== Records provided ==
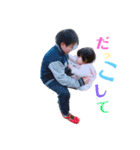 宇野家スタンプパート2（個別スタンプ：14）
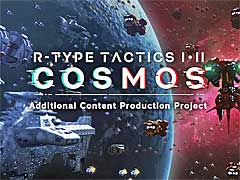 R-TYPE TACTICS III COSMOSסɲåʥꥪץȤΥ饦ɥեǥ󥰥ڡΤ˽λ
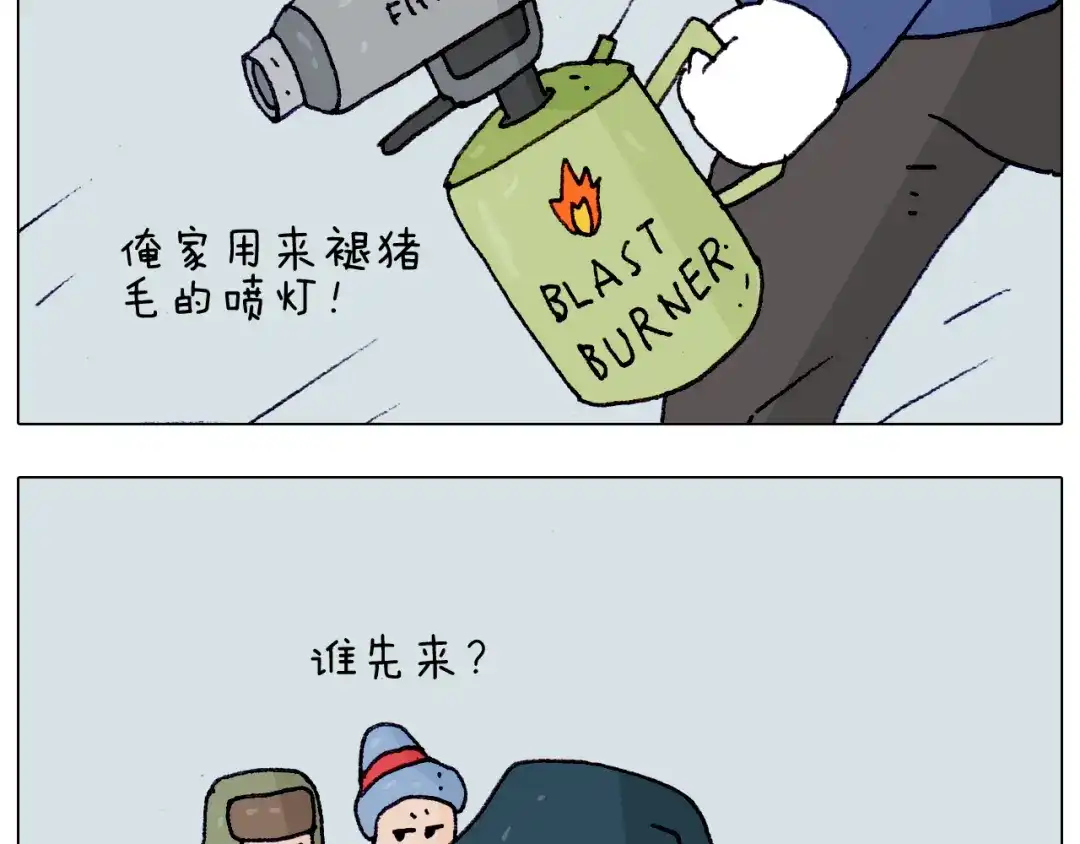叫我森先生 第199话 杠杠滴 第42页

==

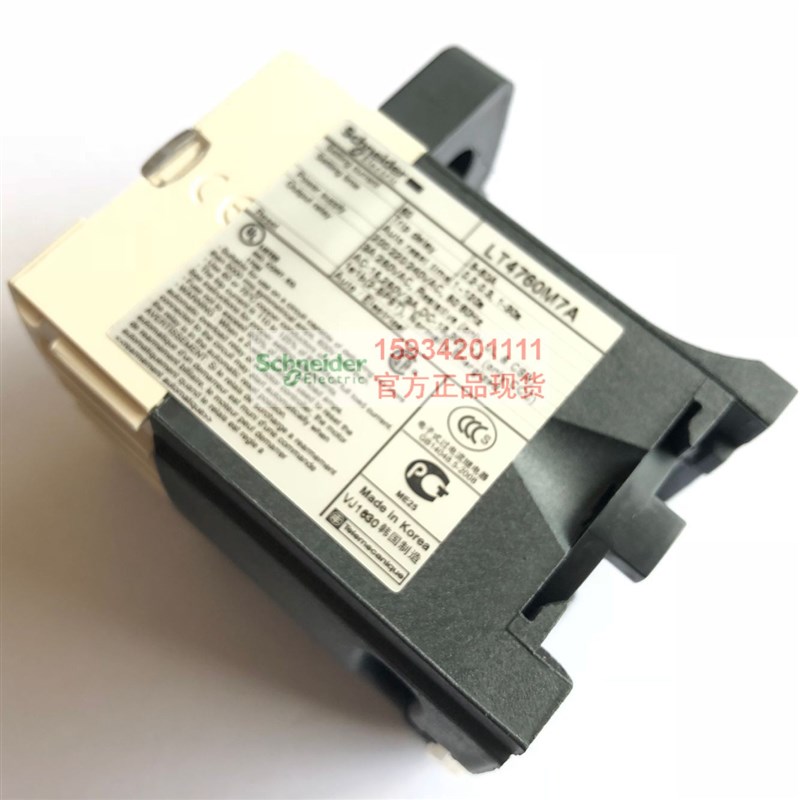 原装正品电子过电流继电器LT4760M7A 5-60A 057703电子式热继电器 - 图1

== Exercise objective ==
Print exactly the lines above that run from the one with "宇野家スタンプパート2（個別スタンプ：14）" to the one with "叫我森先生 第199话 杠杠滴 第42页", both included. No pictures.

== Result of the exercise ==
 宇野家スタンプパート2（個別スタンプ：14）
 R-TYPE TACTICS III COSMOSסɲåʥꥪץȤΥ饦ɥեǥ󥰥ڡΤ˽λ
叫我森先生 第199话 杠杠滴 第42页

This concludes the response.